At the meeting the Opposition proposed two nominees: Chartered Accountant and Attorney-at-Law Christopher Ram, and former Head of the Environmental Protection Agency, Dr. Vincent Adams but they rejected by the Government parliamentarians who sit on the appointments committee.
In addition to Barrow, the Government had also nominated former Deputy Commissioner General at the Guyana Revenue Authority (GRA), Clement Sealey and former Guyana High Commissioner to the United Kingdom, Hamley Case – for consideration.
However, the Natural Resource Fund (NRF) Act only provides for the National Assembly to nominate a single individual to sit on the NRF Board of Directors. With Barrow being selected by the Committee of Appointments, his name will now be submitted to the National Assembly for the House’s approval. According to Section 5 (1) of the National Resource Fund Act, the NRF’s Board of Directors shall comprise not less than three and not more than five members who shall be appointed by the President, one of whom shall be appointed Chairperson by the President.

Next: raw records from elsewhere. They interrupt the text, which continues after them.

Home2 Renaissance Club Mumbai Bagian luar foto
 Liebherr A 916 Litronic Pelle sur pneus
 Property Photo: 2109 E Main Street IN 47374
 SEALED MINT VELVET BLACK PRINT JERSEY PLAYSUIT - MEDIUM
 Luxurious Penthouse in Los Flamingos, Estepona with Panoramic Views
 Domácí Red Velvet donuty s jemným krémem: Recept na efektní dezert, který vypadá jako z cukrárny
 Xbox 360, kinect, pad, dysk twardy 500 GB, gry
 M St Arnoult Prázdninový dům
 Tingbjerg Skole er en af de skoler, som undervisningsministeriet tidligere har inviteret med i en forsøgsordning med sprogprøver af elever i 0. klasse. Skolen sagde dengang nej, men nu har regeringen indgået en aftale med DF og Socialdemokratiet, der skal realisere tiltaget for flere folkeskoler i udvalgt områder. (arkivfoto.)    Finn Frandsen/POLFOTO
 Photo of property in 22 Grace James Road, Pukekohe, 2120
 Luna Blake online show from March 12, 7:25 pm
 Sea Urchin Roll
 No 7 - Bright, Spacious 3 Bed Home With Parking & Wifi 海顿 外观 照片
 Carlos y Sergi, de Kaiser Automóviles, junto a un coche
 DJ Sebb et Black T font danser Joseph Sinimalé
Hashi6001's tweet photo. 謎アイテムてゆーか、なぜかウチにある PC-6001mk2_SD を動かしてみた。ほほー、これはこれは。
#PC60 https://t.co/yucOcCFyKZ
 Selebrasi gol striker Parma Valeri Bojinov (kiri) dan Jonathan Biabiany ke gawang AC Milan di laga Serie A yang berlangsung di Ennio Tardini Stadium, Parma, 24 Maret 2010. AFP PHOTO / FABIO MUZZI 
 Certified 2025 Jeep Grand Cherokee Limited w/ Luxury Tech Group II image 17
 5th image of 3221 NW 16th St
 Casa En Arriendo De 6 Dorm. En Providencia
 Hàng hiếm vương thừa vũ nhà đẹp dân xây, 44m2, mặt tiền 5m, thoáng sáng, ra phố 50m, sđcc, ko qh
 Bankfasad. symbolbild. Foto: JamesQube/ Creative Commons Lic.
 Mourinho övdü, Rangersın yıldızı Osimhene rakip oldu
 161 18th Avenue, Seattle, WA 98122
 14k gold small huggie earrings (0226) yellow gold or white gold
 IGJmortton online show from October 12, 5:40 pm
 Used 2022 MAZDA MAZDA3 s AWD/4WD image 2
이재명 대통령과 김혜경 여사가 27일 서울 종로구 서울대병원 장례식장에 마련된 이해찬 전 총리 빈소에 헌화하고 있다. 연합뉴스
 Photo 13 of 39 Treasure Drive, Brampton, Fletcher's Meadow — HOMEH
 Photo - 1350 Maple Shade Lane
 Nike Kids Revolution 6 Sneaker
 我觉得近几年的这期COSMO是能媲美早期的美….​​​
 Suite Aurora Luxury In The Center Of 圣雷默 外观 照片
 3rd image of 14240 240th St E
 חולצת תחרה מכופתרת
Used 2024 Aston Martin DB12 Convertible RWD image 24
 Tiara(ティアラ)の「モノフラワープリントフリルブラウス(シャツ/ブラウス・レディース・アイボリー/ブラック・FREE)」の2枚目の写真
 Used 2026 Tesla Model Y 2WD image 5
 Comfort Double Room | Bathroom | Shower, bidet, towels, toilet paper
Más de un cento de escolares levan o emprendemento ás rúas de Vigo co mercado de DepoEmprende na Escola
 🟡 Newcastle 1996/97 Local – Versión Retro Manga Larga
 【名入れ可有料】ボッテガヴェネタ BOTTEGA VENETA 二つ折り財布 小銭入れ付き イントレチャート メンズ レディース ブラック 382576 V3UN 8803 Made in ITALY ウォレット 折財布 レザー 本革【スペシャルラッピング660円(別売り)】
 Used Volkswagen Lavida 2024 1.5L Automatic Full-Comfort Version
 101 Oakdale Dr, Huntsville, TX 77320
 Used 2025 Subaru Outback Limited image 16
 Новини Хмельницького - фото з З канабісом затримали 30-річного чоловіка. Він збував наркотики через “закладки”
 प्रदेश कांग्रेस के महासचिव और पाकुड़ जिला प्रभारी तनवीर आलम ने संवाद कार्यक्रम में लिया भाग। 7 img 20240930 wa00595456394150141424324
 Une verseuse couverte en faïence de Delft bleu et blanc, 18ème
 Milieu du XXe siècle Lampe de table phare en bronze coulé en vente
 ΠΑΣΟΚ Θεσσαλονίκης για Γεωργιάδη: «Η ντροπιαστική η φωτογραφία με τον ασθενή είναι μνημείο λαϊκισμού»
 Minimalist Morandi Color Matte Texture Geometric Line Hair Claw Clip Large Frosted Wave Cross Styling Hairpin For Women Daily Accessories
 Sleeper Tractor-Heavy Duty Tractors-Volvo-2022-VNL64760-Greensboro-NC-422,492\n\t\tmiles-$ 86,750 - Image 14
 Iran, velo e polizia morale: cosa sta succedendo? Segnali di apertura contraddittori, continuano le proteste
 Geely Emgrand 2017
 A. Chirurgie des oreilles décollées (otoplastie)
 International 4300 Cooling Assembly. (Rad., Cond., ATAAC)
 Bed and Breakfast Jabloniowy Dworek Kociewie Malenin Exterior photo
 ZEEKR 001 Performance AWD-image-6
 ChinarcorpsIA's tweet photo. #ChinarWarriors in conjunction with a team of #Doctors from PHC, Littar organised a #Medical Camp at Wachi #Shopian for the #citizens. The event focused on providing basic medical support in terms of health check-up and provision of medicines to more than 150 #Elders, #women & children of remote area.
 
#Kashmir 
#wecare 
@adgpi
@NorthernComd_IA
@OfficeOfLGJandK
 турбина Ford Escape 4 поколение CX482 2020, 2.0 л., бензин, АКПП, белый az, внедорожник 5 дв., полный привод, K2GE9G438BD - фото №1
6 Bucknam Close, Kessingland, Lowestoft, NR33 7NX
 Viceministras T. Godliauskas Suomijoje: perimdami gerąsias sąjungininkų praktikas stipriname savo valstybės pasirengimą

Section 5 (2) adds: “The Directors shall be selected from among persons who have wide experience and ability in legal, financial, business or administrative matters, one of whom shall be nominated by the National Assembly and one of whom shall be a representative of the Private Sector.” The Legislation makes similar provisions for appointments to the Public Accountability and Oversight Committee.
Though hesitant, Chairman of the A Partnership for National Unity (APNU), Aubrey Norton, on Tuesday, disclosed that it was important to have an Opposition nominee sit on the NRF Board of Directors to allow for scrutiny, checks and balances, although it is the Opposition’s intention to challenge the legality of the NRF Act in the Courts. “If we leave you the Natural Resource Fund without scrutiny, one, you will be excluding yourself from knowing what is happening, and two, you will be making the ground much easier for the PPP to not only continue to expand its corruption. So we have taken a pragmatic approach, which says, we will challenge it, we will argue that it hasn’t been legally passed …but in the interest of the people of Guyana, we will scrutinize and monitor to ensure we can contribute to a reduction in PPP corruption,” Norton had explained.
According to him, the coalition is actively compiling a case against the Government with regards to the legality of the NRF Legislation. “First of all we believe that the Natural Resource Fund [Act] was rammed through the Parliament; we believe that there wasn’t adequate consultation; we also believe that in the absence of the mace, it could not have been legally passed, and therefore, as far as I know, work is still being done to put together the entire case to challenge it,” he said.